Augusta University
Neurology and Neurosurgery

BOTOX FOR HEADACHES: WHO? WHEN? WHERE?

J. Ned Pruitt, MD

It is estimated that approximately 45 million Americans suffer from migraines. For many of these patients the migraines are managed with both preventative medications as well as acute medications when the migraines occur. Even then, many times a month a migraine causes one to two days or more of disability with each migraine event. For some patients migraines are so frequent that 15 to 25 days of each month are spent battling a migraine. Certainly, this disability is no less severe than other forms of disability and may last as long as 25 to 30 years. Most people with chronic migraines begin with episodic migraines. These patients may start out with just a few headaches and migraines each month. For some individuals the frequency and severity of their headaches and migraines gets worse over time. Many factors may influence this change in frequency including pregnancy, birth control, weight gain, stress and other health conditions such as hypertension. As the migraines become more frequent and there is less and less recovery time in between migraine attacks, an individual may go from a few headache days a month to one every few days. Eventually, he or she gets to the point where he or she has15 or more headache days a month. With each headache lasting 4 hours or more and 8 of those days associated with migraine, this, by definition, is a Chronic Migraine.

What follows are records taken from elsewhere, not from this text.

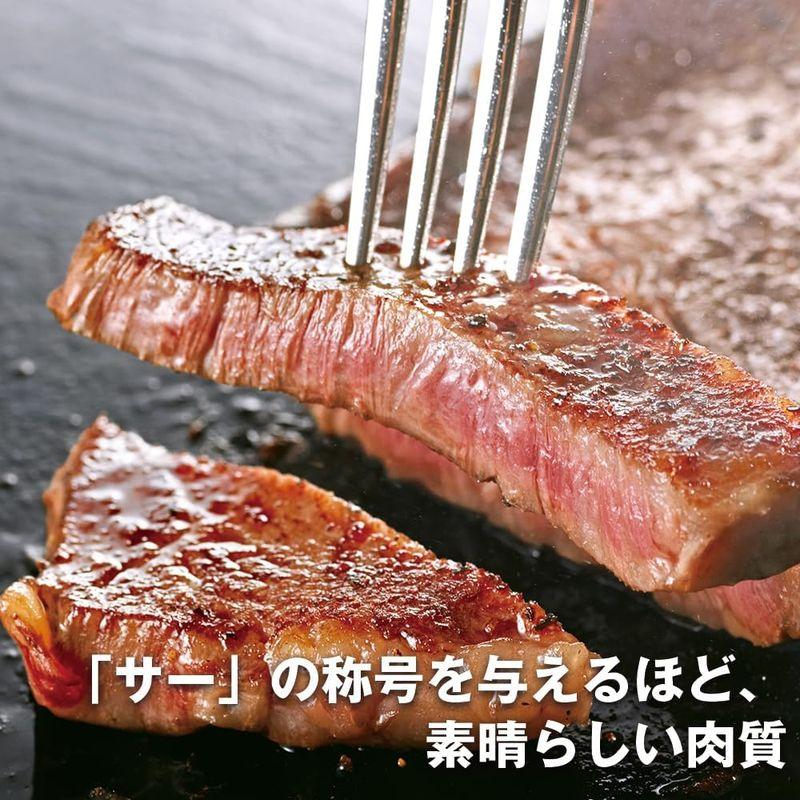 竹福ギフトステーキセット 国産黒毛和牛 ロース 約１５０ｇ×２枚 赤身ヒレ 約１１０ｇ×２枚 創業62周年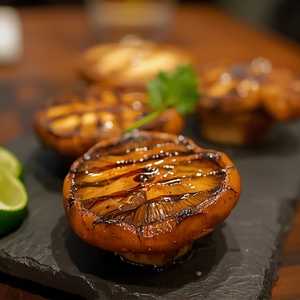 Shiitake Mushroom Skewer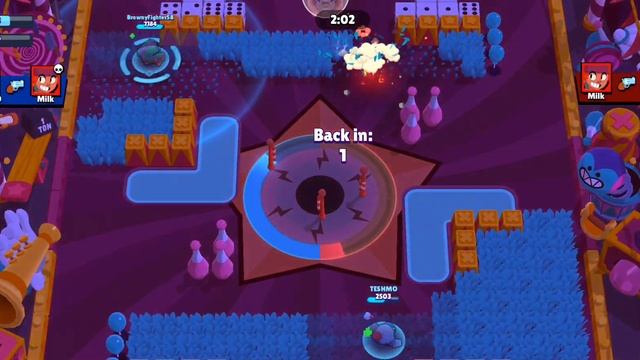 Brawl Stars - Playing Hotzone as Pearl смотреть онлайн
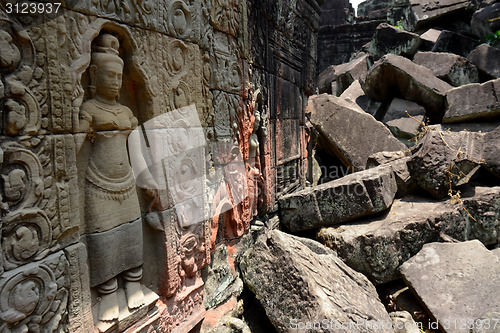 Image of ASIA CAMBODIA ANGKOR TA PROHM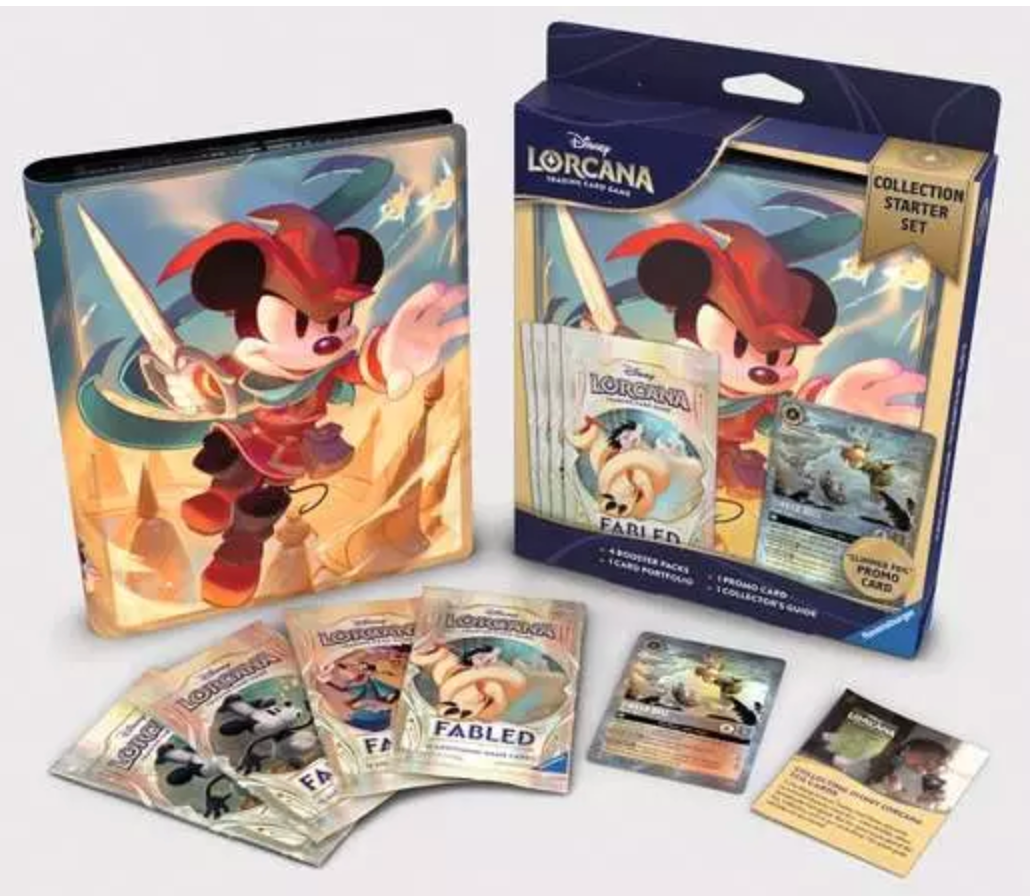 Lorcana TCG: Collection Starter Set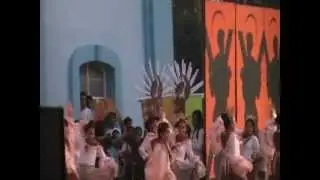 cadaratan NHS 3rd place in bac-bacarra street dancing......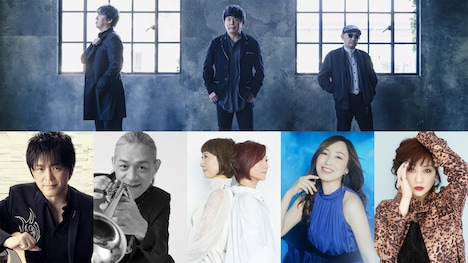 「Sing Like Talking 35th Anniversary “FRIENDS !”」出演者一覧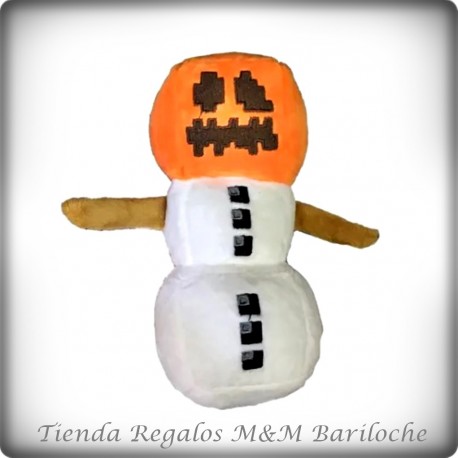 Minecraft Golem (Muneco Nieve)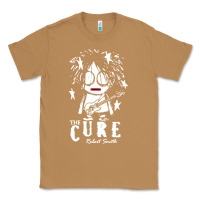 Toasted Coconut Limited Edition The-Cure-Robert-Smith Classic Tee - ArtMosaic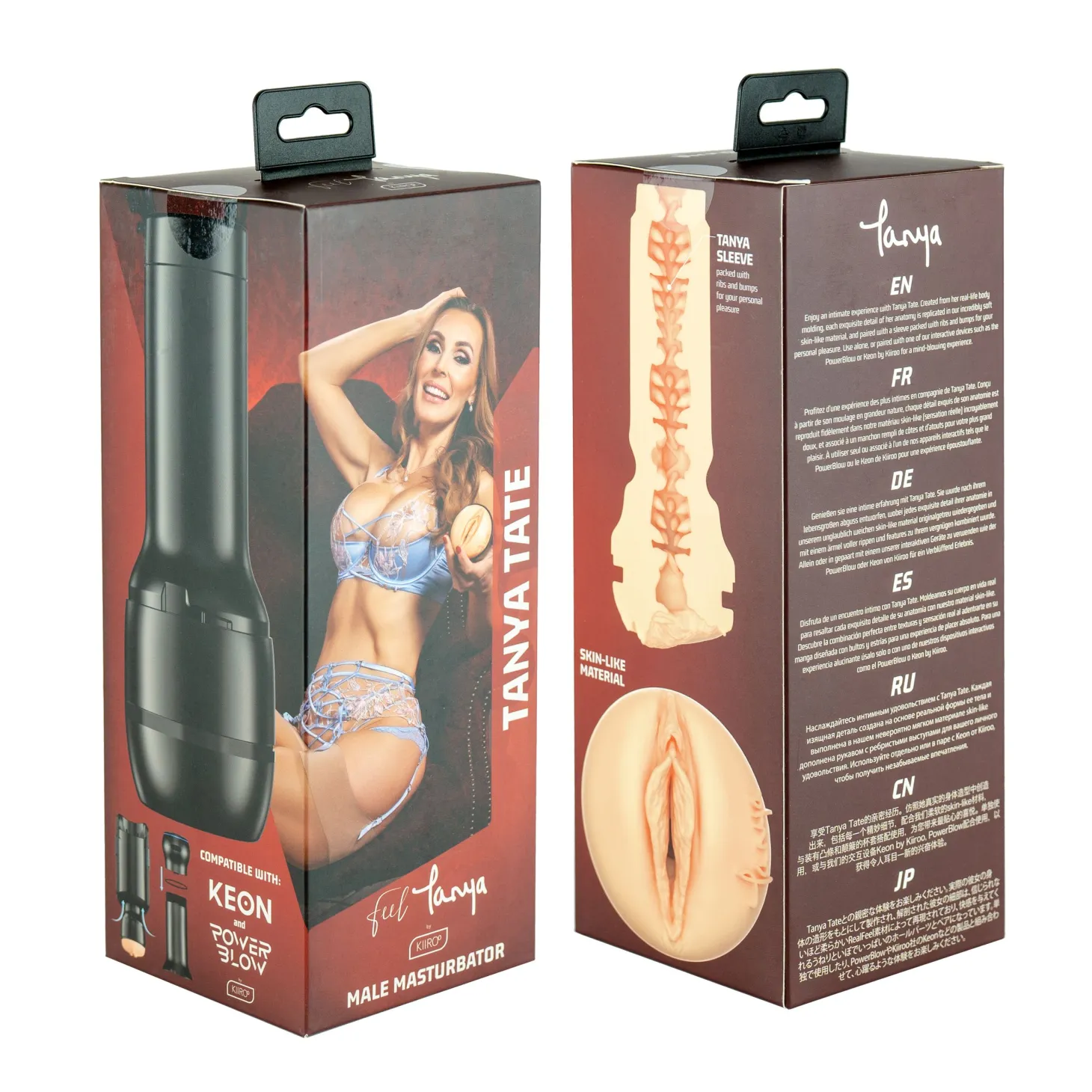 Kiiroo - Masturbateur Feel Tanya Tate - Noir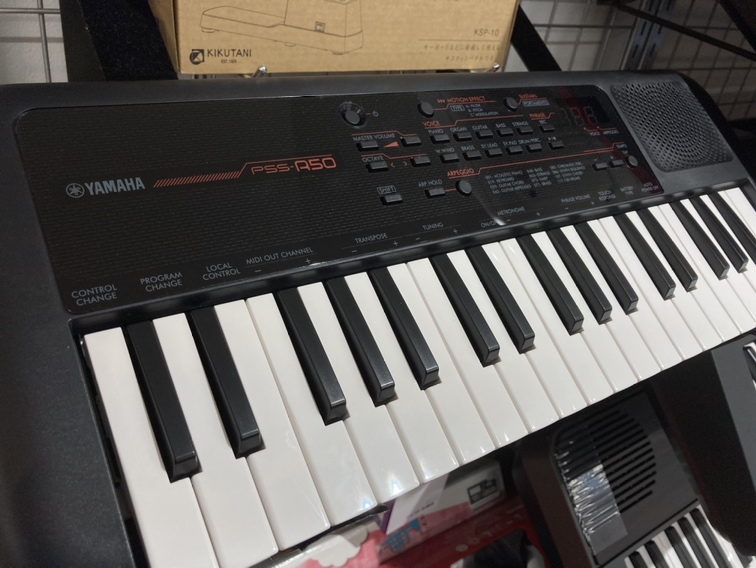 YAMAHA PSS-A50 | オリエント楽器｜オルガン・キーボード｜オリエント楽器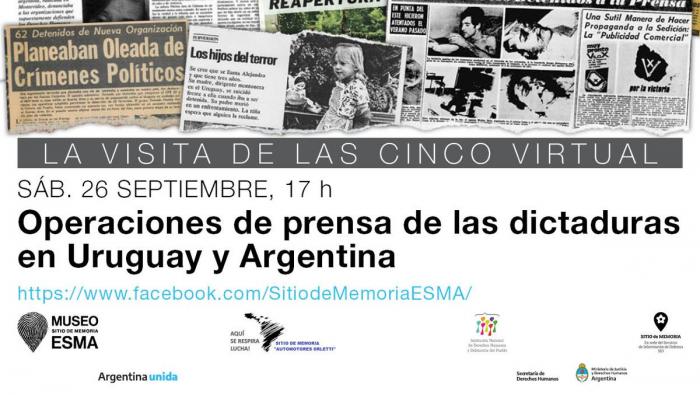 Operaciones de prensa de las dictaduras argentina y uruguaya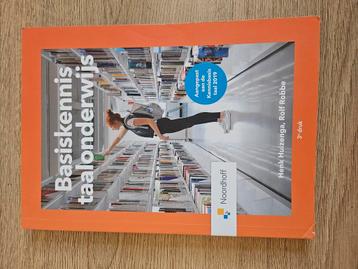Henk Huizenga - Basiskennis taalonderwijs beschikbaar voor biedingen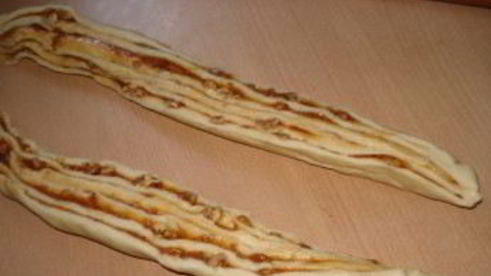 лаваш со сгущенкой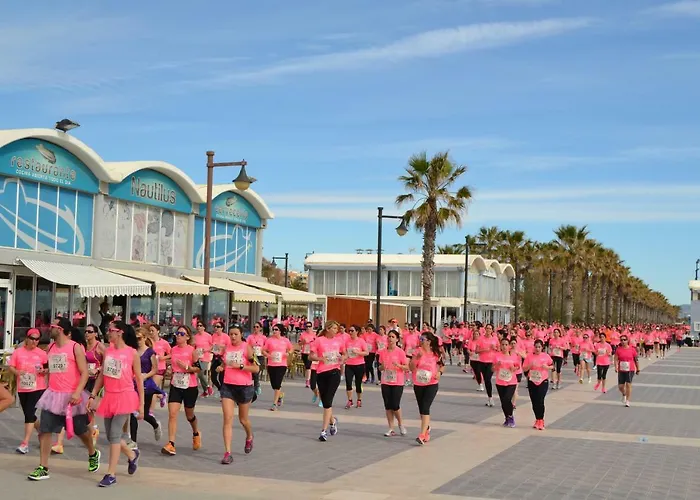 Malvarrosa, Cabanal, Wifi Free. Ca' Micaela. * 발렌시아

Botox should be considered as a potential additional preventative medication for these patients with chronic migraine and experiencing more than 15 headache days per month. Chronic migraine sufferers have often been to many physicians and been on many different daily medications in an effort to decrease the number of migraines. In these cases, Botox can be a very helpful addition to management. A headache specialist should be able to sort through past and current medications for migraine management and determine the best preventative as well as acute migraine therapies.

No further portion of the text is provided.